Présidente – S1E2 – Véronique Lebar

Marie-Françoise Potereau

Le témoignage de Véronique Lebar est édifiant, parfois glaçant et toujours direct. Forte de ses expériences comme médecin du sport au cœur du mouvement sportif, elle garde un souvenir amer de son passage à l’Agence française de lutte contre le dopage (AFLD) En 2013, avec des professionnels et des passionnés bénévoles, elle crée le Comité éthique et sport, une association qui tente par des actions concrètes d’éliminer les défaillances éthiques de toutes sortes. En première ligne pour accompagner les sportives et les sportifs victimes de maltraitances voire de violences sexuelles, Véronique Lebar dresse un constat sévère au sujet du mode de fonctionnement du mouvement sportif français. Enfin, elle revient longuement sur le rôle, les missions et l’utilité de l’association qu’elle préside.

Véronique Lebar, qui êtes-vous ?

Je suis une femme, déjà, qui a toujours travaillé dans le sport en tant que médecin du sport où je suis arrivée par l’intermédiaire de la danse. Je suis danseuse contemporaine de formation. J’ai voulu faire médecine. J’étais à Marseille à l’époque, dans un immeuble étudiant. Le hasard a voulu qu’un jour, un voisin tape à ma porte. Il me dit qu’il a besoin de médecins en urgence à la fédération française de boxe française. J’y suis allée pour voir parce que je trouvais cela sympa de découvrir quelque chose. C’est comme ça que je suis entrée en médecine du sport. Je suis allée taper au service de médecine du sport d’un hôpital de Marseille. J’ai eu la chance de tomber sur une équipe super sympa qui m’a formée. Je suis alors entrée en tant que médecin du sport à la fédération de boxe française. J’avais attrapé le virus. J’adorais, à l’époque, l’ambiance de la fédération. J’y suis restée 25 ans.

J’ai eu ensuite un cabinet pendant 15 ans à Paris. Parallèlement, j’ai commencé à m’intéresser au dopage. J’ai fait pendant neuf ans des contrôles antidopage. Je m’occupais de la prévention dopage en Ile-de-France pendant quatre ans avant qu’on propose le poste de médecin conseiller où j’étais chargée de la politique médico-sportive et de la lutte anti-dopage, répression et prévention. Je suis restée quatre ans à ce poste. Ensuite, l’Agence française de lutte contre le dopage (AFLD) a été créée à Paris.

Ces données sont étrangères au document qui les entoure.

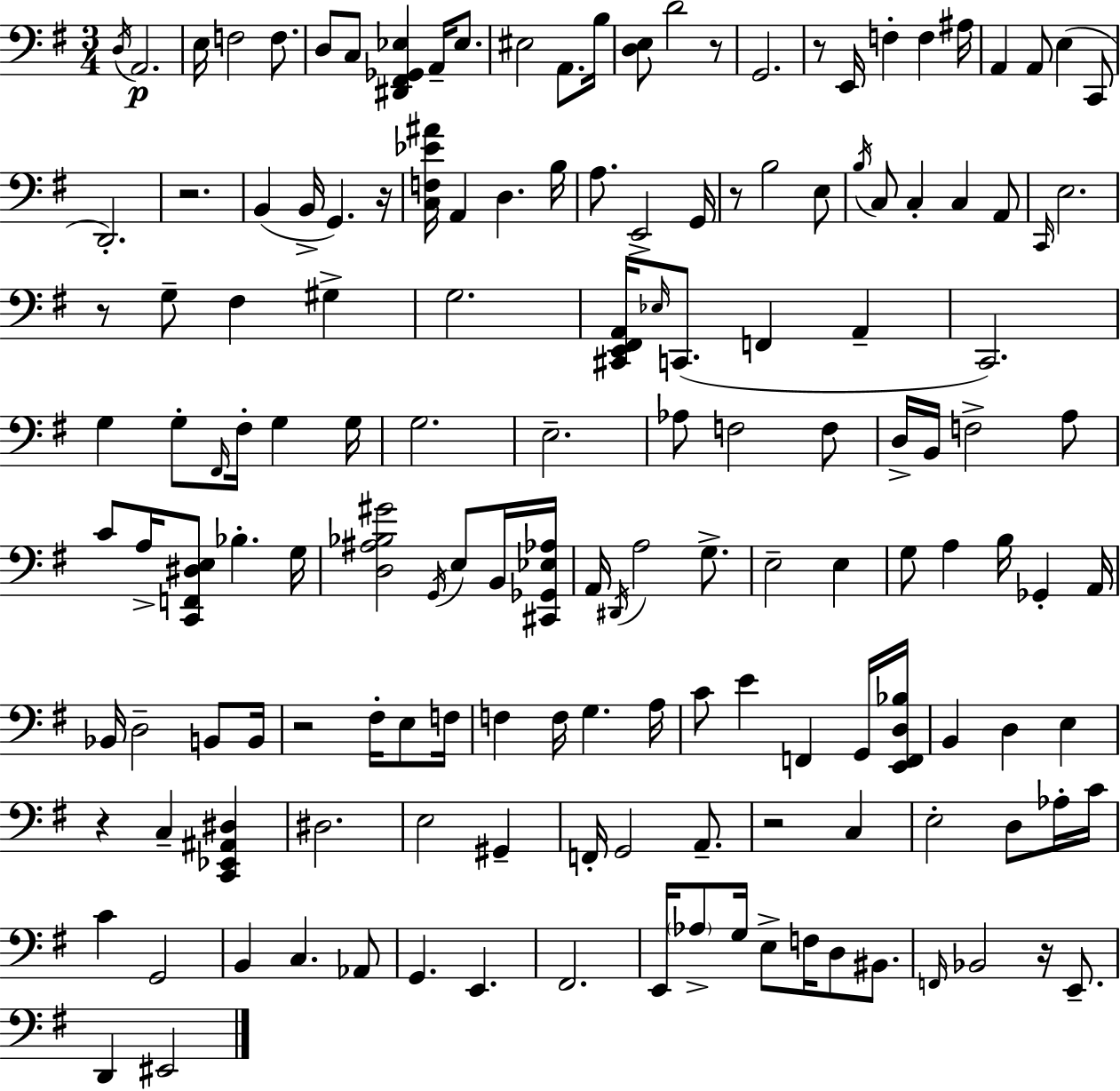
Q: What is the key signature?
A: G major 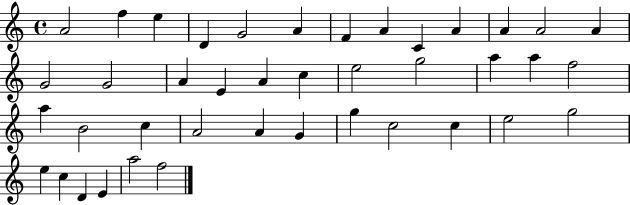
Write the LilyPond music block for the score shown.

{
  \clef treble
  \time 4/4
  \defaultTimeSignature
  \key c \major
  a'2 f''4 e''4 | d'4 g'2 a'4 | f'4 a'4 c'4 a'4 | a'4 a'2 a'4 | \break g'2 g'2 | a'4 e'4 a'4 c''4 | e''2 g''2 | a''4 a''4 f''2 | \break a''4 b'2 c''4 | a'2 a'4 g'4 | g''4 c''2 c''4 | e''2 g''2 | \break e''4 c''4 d'4 e'4 | a''2 f''2 | \bar "|."
} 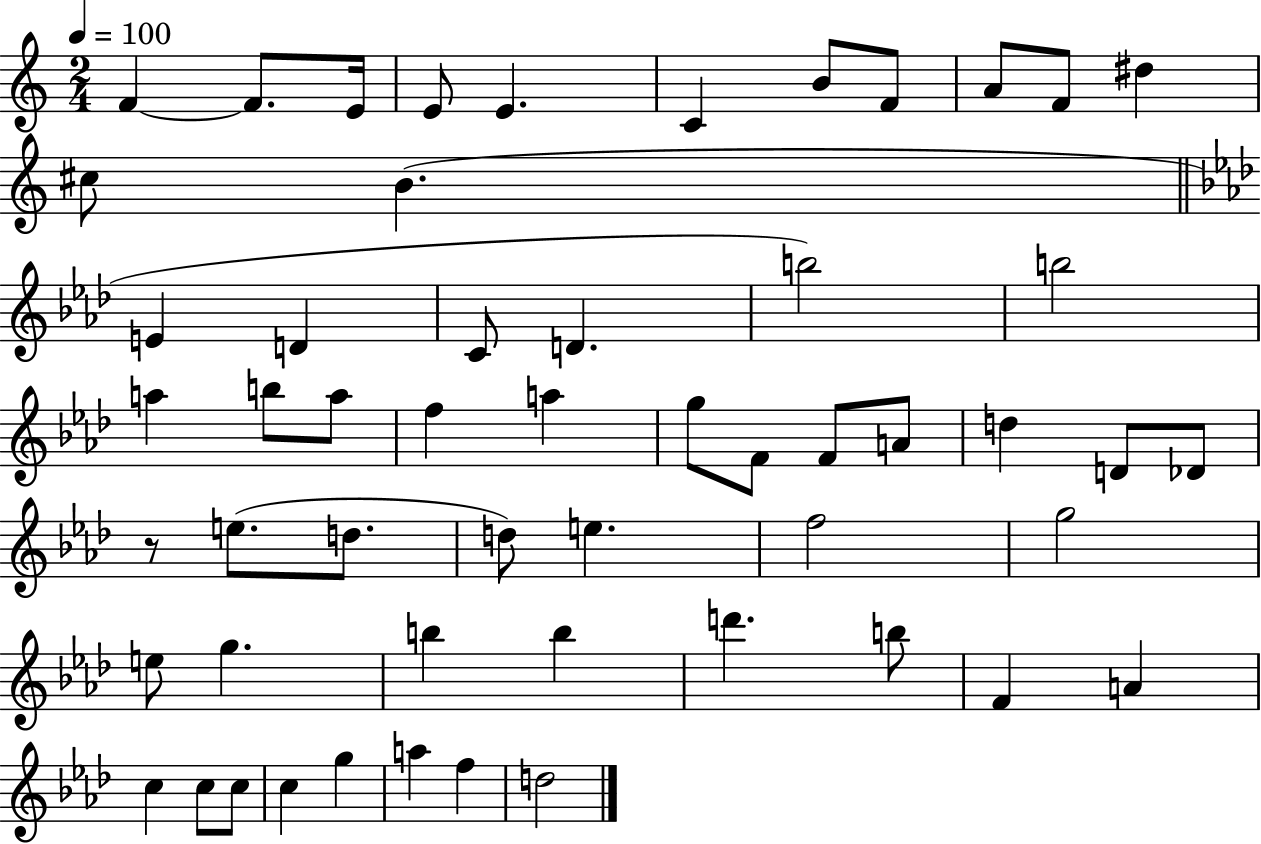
{
  \clef treble
  \numericTimeSignature
  \time 2/4
  \key c \major
  \tempo 4 = 100
  \repeat volta 2 { f'4~~ f'8. e'16 | e'8 e'4. | c'4 b'8 f'8 | a'8 f'8 dis''4 | \break cis''8 b'4.( | \bar "||" \break \key aes \major e'4 d'4 | c'8 d'4. | b''2) | b''2 | \break a''4 b''8 a''8 | f''4 a''4 | g''8 f'8 f'8 a'8 | d''4 d'8 des'8 | \break r8 e''8.( d''8. | d''8) e''4. | f''2 | g''2 | \break e''8 g''4. | b''4 b''4 | d'''4. b''8 | f'4 a'4 | \break c''4 c''8 c''8 | c''4 g''4 | a''4 f''4 | d''2 | \break } \bar "|."
} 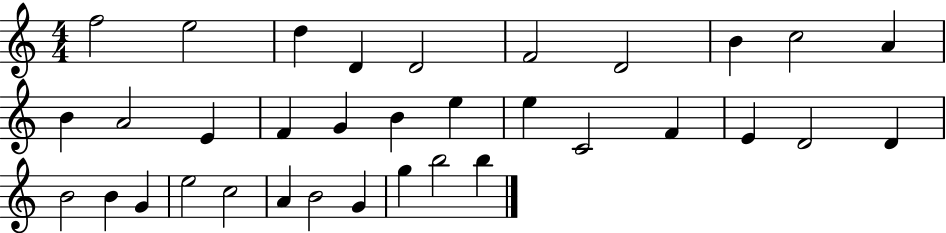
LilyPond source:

{
  \clef treble
  \numericTimeSignature
  \time 4/4
  \key c \major
  f''2 e''2 | d''4 d'4 d'2 | f'2 d'2 | b'4 c''2 a'4 | \break b'4 a'2 e'4 | f'4 g'4 b'4 e''4 | e''4 c'2 f'4 | e'4 d'2 d'4 | \break b'2 b'4 g'4 | e''2 c''2 | a'4 b'2 g'4 | g''4 b''2 b''4 | \break \bar "|."
} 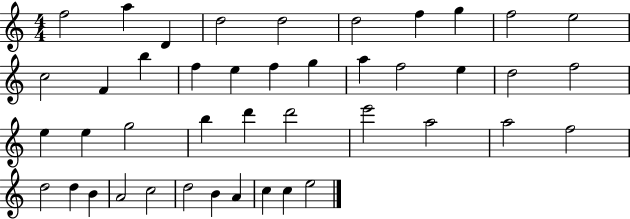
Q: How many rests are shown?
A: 0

On m’a proposé le poste de responsable médical de l’AFLD en octobre 2006. C’était très intéressant car il fallait complètement créer le service. Je suis restée à l’AFLD pendant sept ans. Pendant toute ma carrière médico-sportive, j’ai toujours été sensible aux questions de maltraitances dans le sport. Même à l’AFLD, j’étais sollicitée très régulièrement pour prendre en charge des victimes de violences sexuelles dans le sport. J’ai d’abord cherché des solutions au niveau institutionnel mais il n’y avait rien concrètement. Je me débrouillais avec mon petit réseau. Il fallait monter quelque chose et c’est là que l’idée est née du Comité éthique et sport.

Durant votre parcours, vous étiez devenue la première femme médecin du sport…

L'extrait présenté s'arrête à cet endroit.